Antalya Konyaaltı İlçesi Üzümcek Dağı’ndaki kum ve taş ocaklarının bölgede endemik bir tür olan Antalya Semenderi’nin yaşam alanını yok ettiği belirlendi.
Ege Üniversitesi’nden Prof. Dr. Bayram Göçmen, geçen yıllarda yüzlercesini gördüğü bölgede bu yıl sadece 5 semender görebildiğini belirterek, böyle giderse Antalya’nın biyolojik zenginliğini 15- 20 yılda kaybedeceği uyarısında bulundu.

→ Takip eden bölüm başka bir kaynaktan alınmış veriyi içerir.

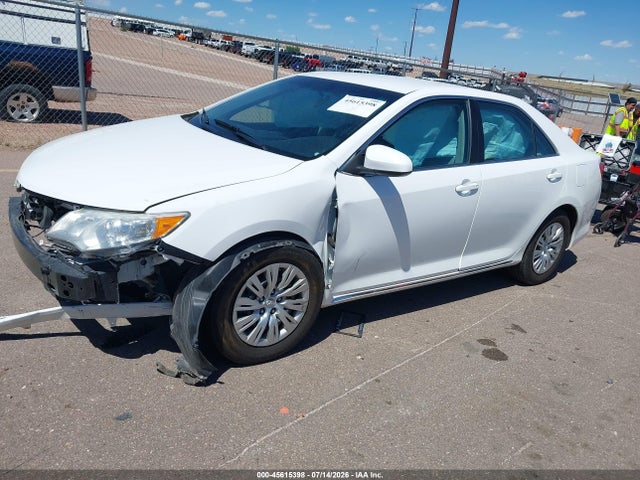 Toyota CAMRY LE 2014 4T1BF1FK1EU419086 Image 2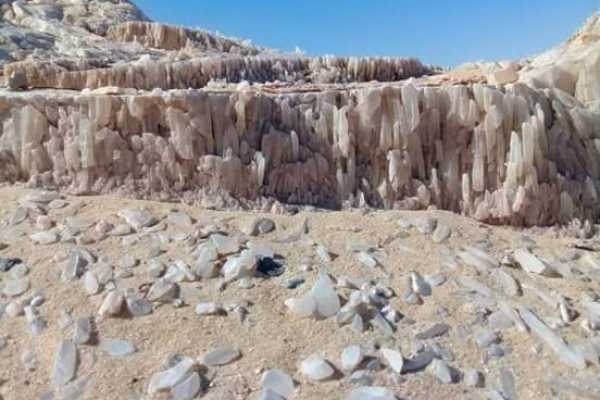 3 Days White Desert, Farafra Oasis, Bahariya Tour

Taş ve mermer ocakları nedeniyle büyük doğa kıyımının yaşandığı Antalya’da narenciye bahçeleri, evler ve insan sağlığına zarar verdiği için bölge halkının kapatılmasını istediği Üzümcek Dağı’ndaki taş ocaklarının, dünyada sadece burada yaşayan bir canlı türünün de hızla yok olmasına neden olduğu belirlendi.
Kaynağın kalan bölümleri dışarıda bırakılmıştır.